▶ **What you will do**:
Write out exactly the lines running from the one with "Üç Kişilik Oda, 3" to the end of the data, including both of those lines and excluding pictures.
Record set Start Marker
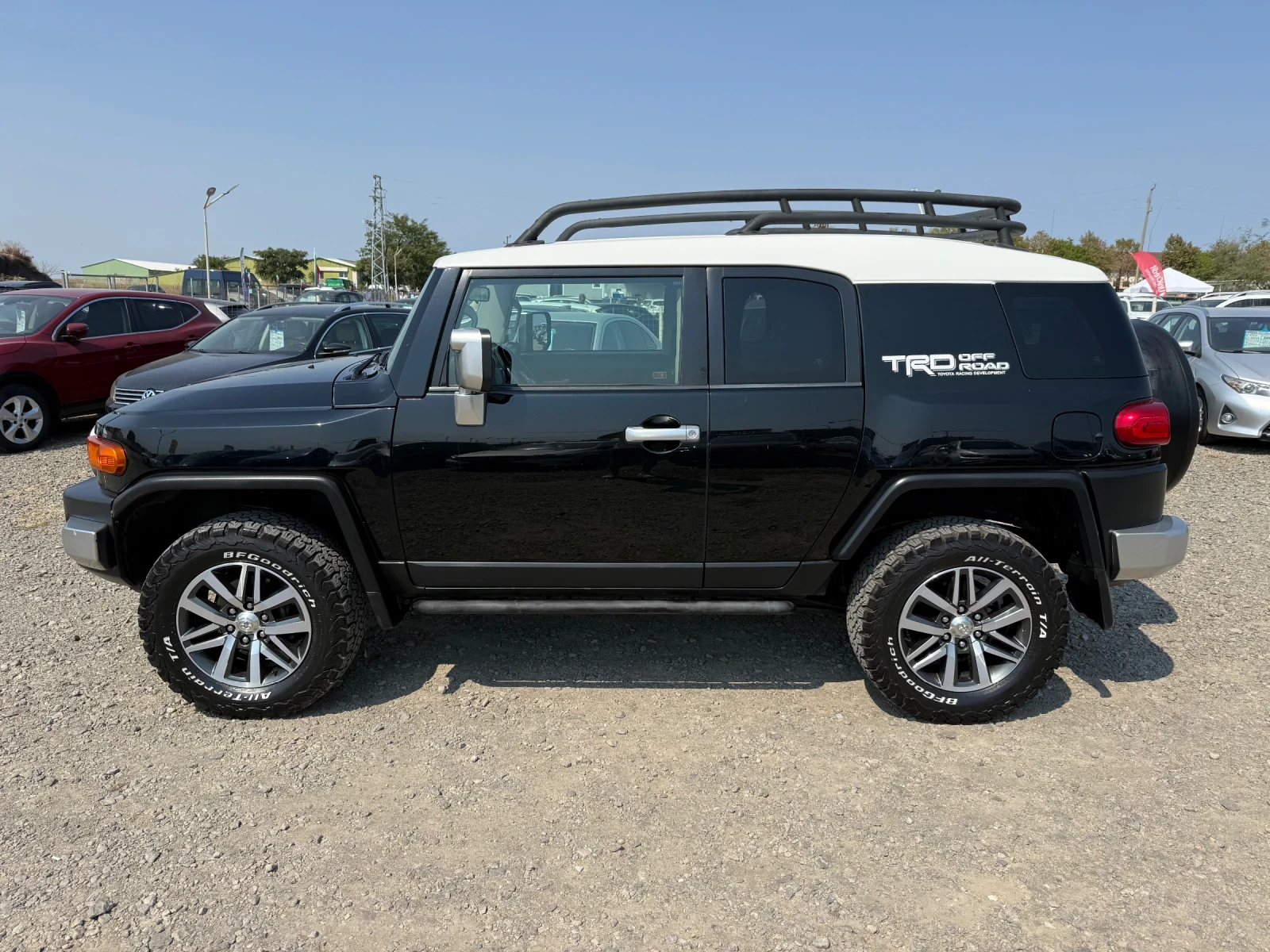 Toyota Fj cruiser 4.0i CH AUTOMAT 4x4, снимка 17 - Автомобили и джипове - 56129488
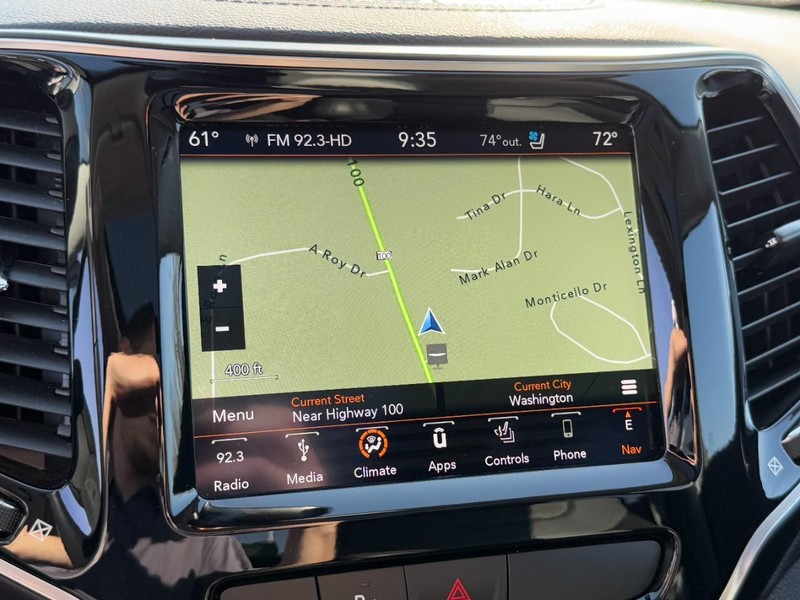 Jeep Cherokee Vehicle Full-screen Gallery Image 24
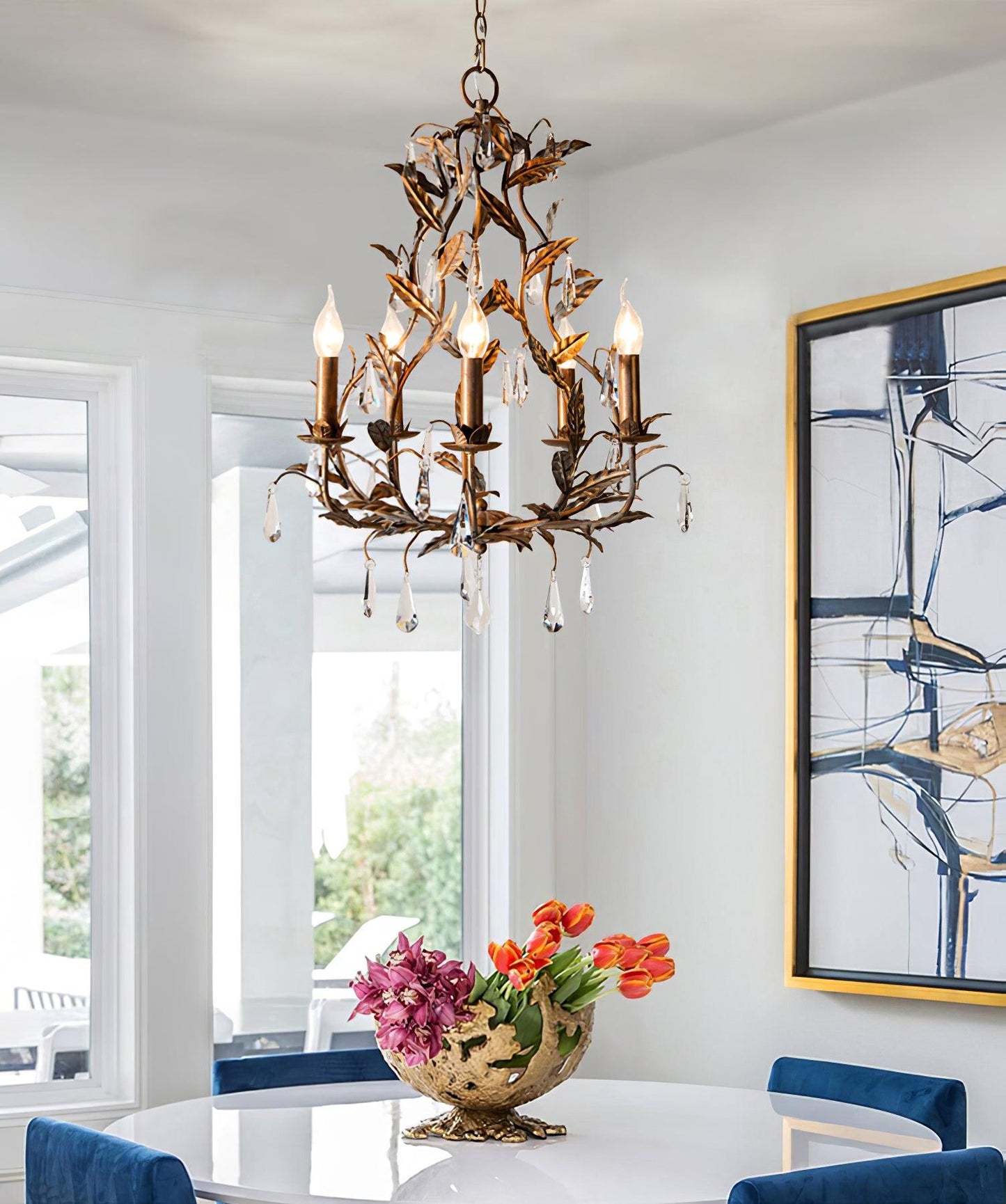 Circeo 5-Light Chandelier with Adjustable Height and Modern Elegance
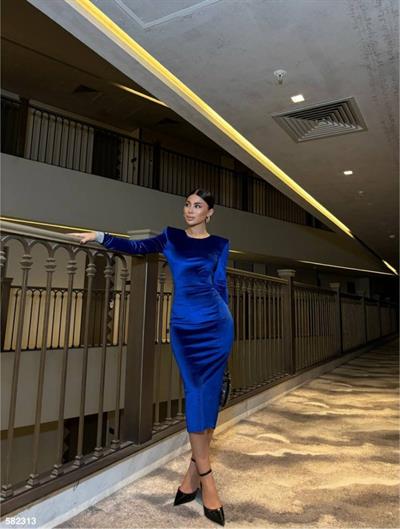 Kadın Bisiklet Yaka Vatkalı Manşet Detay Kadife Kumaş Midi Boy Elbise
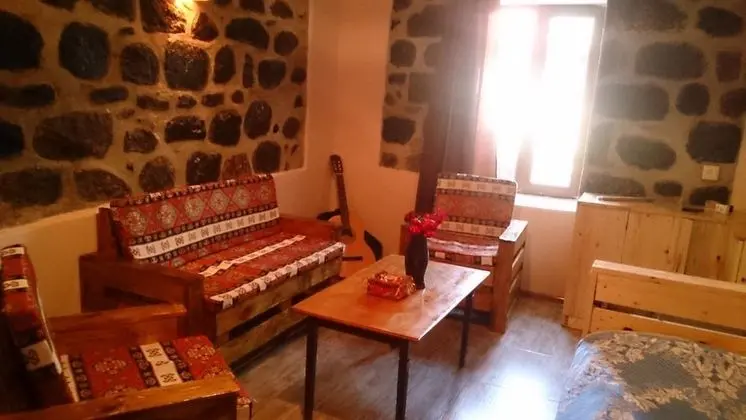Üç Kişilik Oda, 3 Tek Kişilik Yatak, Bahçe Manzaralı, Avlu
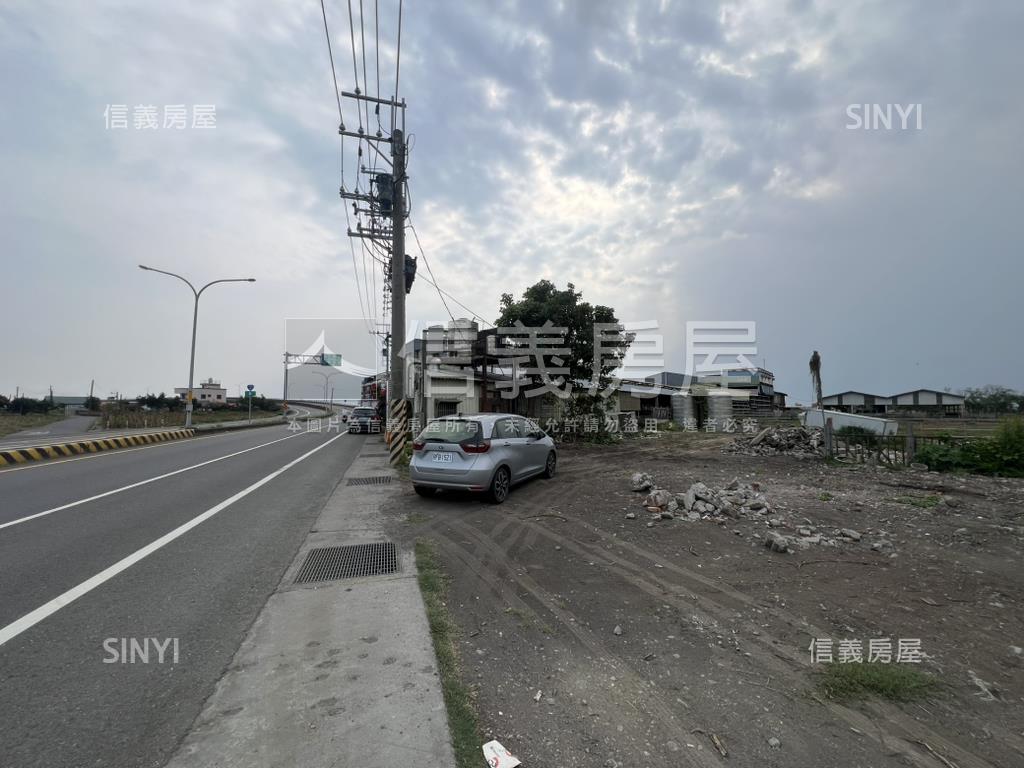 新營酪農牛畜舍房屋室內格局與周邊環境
Record set End Marker
▶ **Answer below**:
Üç Kişilik Oda, 3 Tek Kişilik Yatak, Bahçe Manzaralı, Avlu
 新營酪農牛畜舍房屋室內格局與周邊環境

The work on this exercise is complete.